Corollaire de ce capharnaüm et conséquence directe de la saturation perceptive, la saturation de l’imaginaire est peut-être  le point nodal de ce système dans la mesure où le néo-peuplement psychique qu’elle réalise  détermine non seulement l’orientation des désirs de consommation, l’absence d’autonomie de la sphère créative mais aussi la garantie d’une absence d’alternative et donc de risques de révolte contre la pression qu’il exerce. On voit ici aisément comment c’est la représentation psychique même qui est touchée par ce biais. En ce sens, il est opportun que la délégation numérique, qui permet aujourd’hui à un ordinateur de prendre en charge ce qui, hier encore relevait de la mémoire, ou des capacités imaginatives et créatives d’un être humain, ait atteint le niveau qu’on lui connaît : elle garantit ainsi une exérèse de la représentation psychique qui, à l’instar de ce qui se passe dans le brevetage du vivant, facilite tout autant son contrôle que sa manipulation génétique.
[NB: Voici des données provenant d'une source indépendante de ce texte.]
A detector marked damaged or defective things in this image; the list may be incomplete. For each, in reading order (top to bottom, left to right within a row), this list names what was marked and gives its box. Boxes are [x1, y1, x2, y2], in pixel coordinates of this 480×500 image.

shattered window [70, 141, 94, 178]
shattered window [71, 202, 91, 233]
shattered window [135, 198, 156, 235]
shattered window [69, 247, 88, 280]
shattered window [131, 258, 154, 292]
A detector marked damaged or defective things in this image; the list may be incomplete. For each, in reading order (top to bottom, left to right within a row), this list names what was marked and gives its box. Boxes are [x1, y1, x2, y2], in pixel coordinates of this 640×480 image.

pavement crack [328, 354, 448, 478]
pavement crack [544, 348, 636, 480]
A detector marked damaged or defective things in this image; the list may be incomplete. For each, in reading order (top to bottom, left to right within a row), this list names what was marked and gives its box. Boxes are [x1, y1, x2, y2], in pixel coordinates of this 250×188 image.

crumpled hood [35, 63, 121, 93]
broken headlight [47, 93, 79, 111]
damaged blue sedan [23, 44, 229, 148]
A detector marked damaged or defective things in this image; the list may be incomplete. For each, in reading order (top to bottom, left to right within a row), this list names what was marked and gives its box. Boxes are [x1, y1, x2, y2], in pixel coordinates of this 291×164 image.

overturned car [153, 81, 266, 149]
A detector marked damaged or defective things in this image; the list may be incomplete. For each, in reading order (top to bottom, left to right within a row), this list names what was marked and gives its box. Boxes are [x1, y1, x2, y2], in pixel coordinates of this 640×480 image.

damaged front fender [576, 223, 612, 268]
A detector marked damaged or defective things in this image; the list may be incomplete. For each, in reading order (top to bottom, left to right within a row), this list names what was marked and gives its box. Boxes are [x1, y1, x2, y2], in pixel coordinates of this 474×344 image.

Ce serait faire trop d’honneur à l’état (sous œil paternel de qui tout cela se déroule tranquillement) que de négliger la façon dont, aux côtés des loisirs marchands, il contribue lui aussi grandement à la saturation de la psyché infantile, bien que d’une tout autre manière : la place démesurée que tient aujourd’hui l’école dans la vie d’un enfant et surtout les enjeux décisifs dont on pare non seulement sa fréquentation mais la réussite qu’il pourra y obtenir, au prix d’une compétition acharnée contre les autres et contre lui-même, atteignent un niveau sans précédent. Des conséquences de cette lutte assez sauvage (et donc de toute façon très inégalitaire), résulte aussi en partie la saturation de rééducations ou d’orthopédies plus ou moins soignantes, dont nombre d’enfants de plus en plus jeunes sont désormais l’objet en raison du règne généralisé d’un idéal de conformité. Tout clinicien en sait quelque chose, même en ignorant jusqu’au nom d’Ivan Illich. Il est par ailleurs significatif que cette fureur rééducative (vocable dont on oublie un peu vite aujourd’hui la fortune qu’il connut dans les régimes totalitaires) ait pu être tout naturellement recyclé sous forme de programmes télévisuels du type « Super Nanny » ou succédanés, figures dont les exploits de colons domestiques laissent pantelants enfants comme parents, avec un succès qui ferait pâlir d’envie la comtesse de Ségur. Que l’un de ces héros du surréel porte précisément le nom de Grand Frère ne semble avoir troublé personne. Mais peut-être a-t-on quelque peu négligé la lecture d’Orwel dans les établissements scolaires ces dernières années… »

(1) Isabelle Babois exerce le métier de psychomotricienne et Frédéric Jars celui de psychologue clinicien.